Although N.Y. C.P.L. § 100.40(4) (b) pertains to misdemeanor complaints and not the summonses at issue in this litigation, the Court of Appeal's interpretation of this statute is relevant because the language of N.Y. C.P.L. § 100.40(4)(b) and N.Y. C.P.L. § 100.40(1)(b) is nearly verbatim. Accordingly, the Court of Appeals' holding in Dreyden that the reasonable cause provision of N.Y. C.P.L. § 100.40(4) (b) requires a prima facie case is equally applicable to the reasonable cause provision of N.Y. C.P.L. § 100.40(1)(b).
A basic premise of statutory interpretation "disfavor[s] interpretations of statutes that render language superfluous." Conn. Nat'l Bank v. Germain, 503 U.S. 249, 253, 112 S.Ct. 1146, 117 L.Ed.2d 391 (1992); see also Conn. ex rel. Blumenthal v. U.S. Dep't of Interior, 228 F.3d 82, 88 (2d Cir. 2000). However, interpreting N.Y. C.P.L. § 100.40(1)(b)'s reasonable cause requirement to require that the information include facts sufficient to allege the elements of the offense charged does not render N.Y. C.P.L. § 100.40(1)(b) duplicative of N.Y. C.P.L. § 100.40(1)(c). N.Y. C.P.L. § 100.40(1) (c) mandates that "[n]on-hearsay allegations of the factual part of the information and/or of any supporting depositions establish, if true, every element of the offense charged and the defendant's commission thereof." N.Y. C.P.L. § 100.40(1)(c). As such, the focus of this provision of the Criminal Procedure Law is not that the information provide a prima facie case; instead, the focus is that an information provide non-hearsay allegations to support each element of the offense. The New York Court of Appeals, in the case of People v. Alejandro, confirms this interpretation of the statute:
The reason for requiring the additional showing of a prima facie case for an information lies in the unique function that an information serves under the statutory scheme established by the Criminal Procedure Law. An information is often the instrument upon which the defendant is prosecuted for a misdemeanor or a petty offense. Unlike a felony complaint, it is not followed by a preliminary hearing and a Grand Jury proceeding. Thus, the People need not, at any time prior to trial, present actual evidence demonstrating a prima facie case, as with an indictment following a felony complaint.People v. Alejandro, 70 N.Y.2d 133, 138, 517 N.Y.S.2d 927, 511 N.E. 2d 71 (1987) (citations omitted). Thus, the Court of Appeals confirms that purpose of N.Y. C.P.L. § 100.40(1)(c) is to ensure that an information provide non-hearsay allegations detailing the offense charged.
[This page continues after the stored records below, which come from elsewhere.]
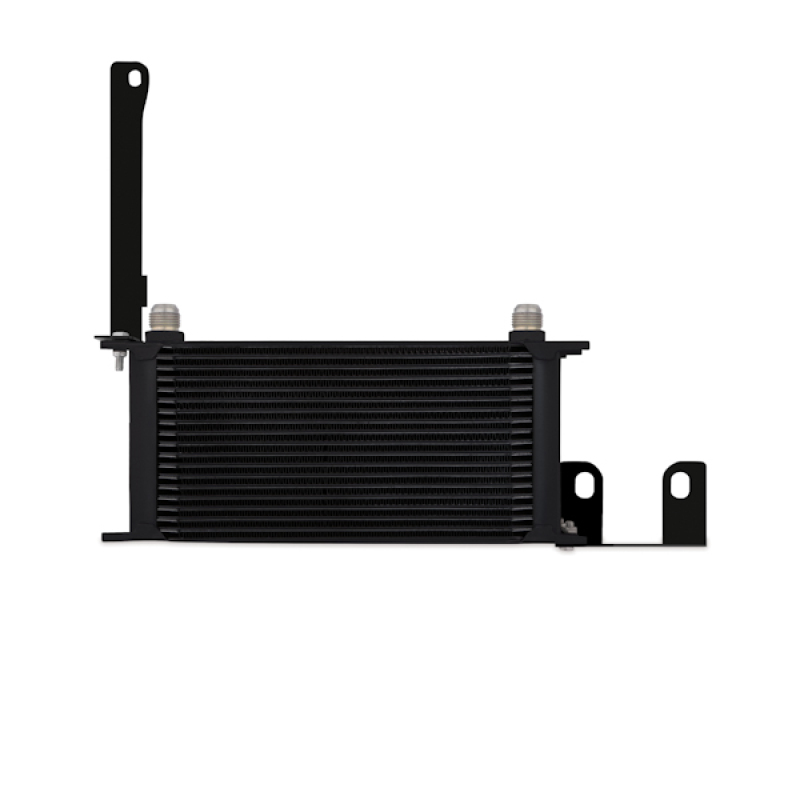 Mishimoto Oil Cooler Kit - Black for 2015 Subaru WRX - Image 4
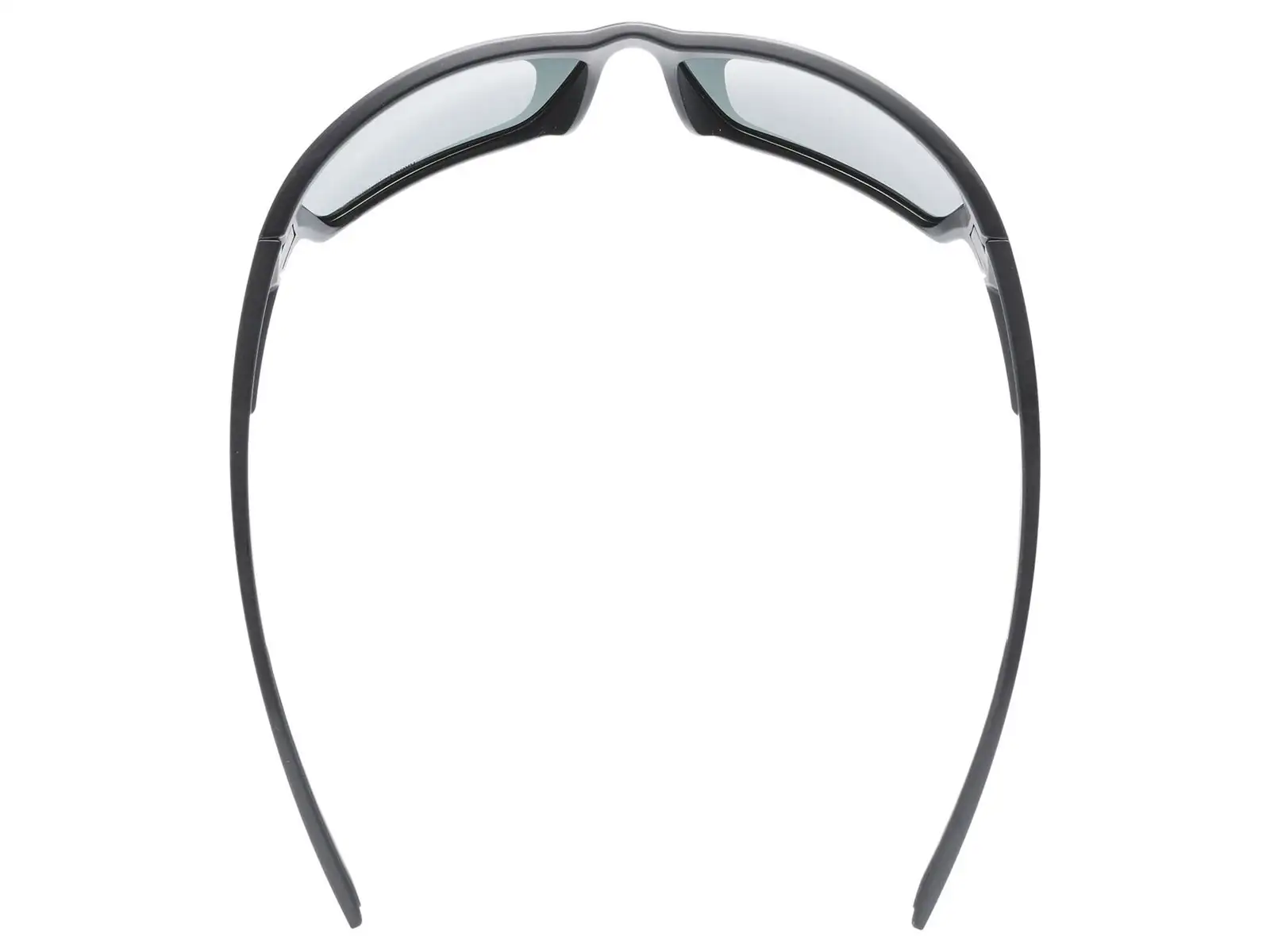 Uvex Sportstyle 233 P okulary Black Mat/Polav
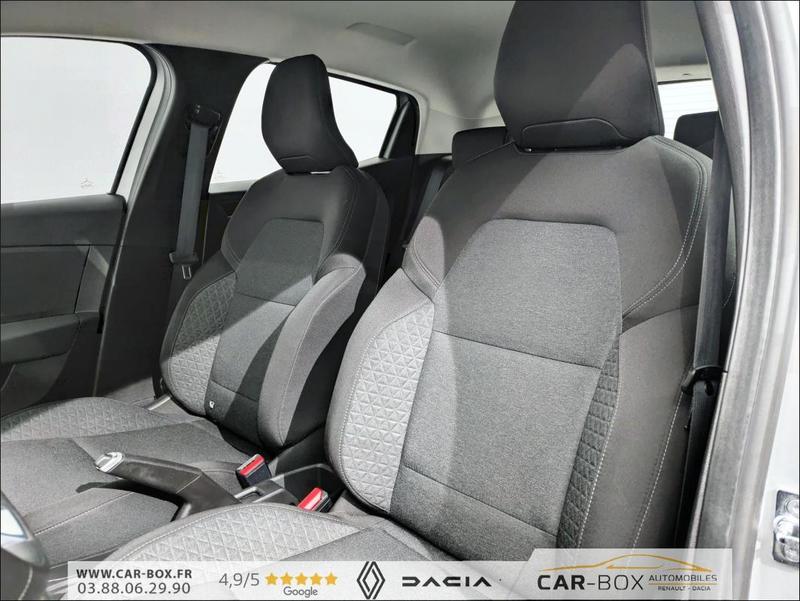 Renault Clio V 5 Equilibre Tce 90 1ere Main Carplay Regulateur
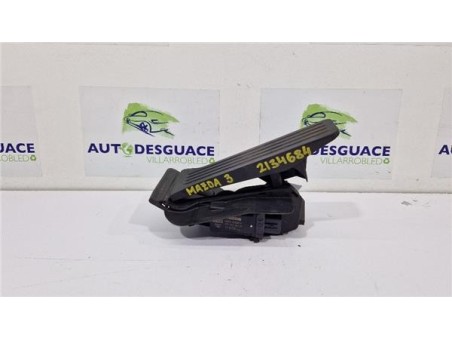 Potenciometro Pedal Gas Mazda 3 Berlina / Sedán  2 2 Evolution [2 2 Ltr  - 110 kW Turbodiesel CAT]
Because an information must, for jurisdictional purposes, contain nonhearsay factual allegations sufficient to establish a prima facie case, a prosecutor's hearsay statements, set forth in a bill of particulars, cannot supply necessary factual allegations to cure a deficient information. By contrast, an indictment, which presupposes that the Grand Jury, before issuance of the indictment, has found that a prima facie case exists may, as a pleading, be corrected by a bill of particulars. . . .
That it was this distinguishing characteristic of an information - its use as the sole instrument upon which the defendant could be prosecuted - which prompted the Legislature to write in the special restrictions applicable to informations found in C.P.L. § 100.40(1) (c) and 100.15 (3) is confirmed by the legislative history leading to the enactment of these sections as part of the Criminal Procedure Law.
Defendants' support their contention that N.Y. C.P.L. § 100.40(1) (c) imposes a prima facie case requirement independent of § 100.40(1)(b)'s reasonable cause requirement with citations to People v. Jones, 9 N.Y.3d 259, 848 N.Y.S.2d 600, 878 N.E.2d 1016 (2007), and People v. Alejandro, 70 N.Y.2d 133. According to Defendants, in both cases, the accusatory instruments at issue satisfied the reasonable cause requirement of N.Y. C.P.L. § 100.40(1)(b) but were ultimately dismissed for failing to establish the prima facie requirement of N.Y. C.P.L. § 100.40(1)(c), thereby suggesting that a finding of a lack of a prima facie case is separate and apart from a determination of reasonable cause.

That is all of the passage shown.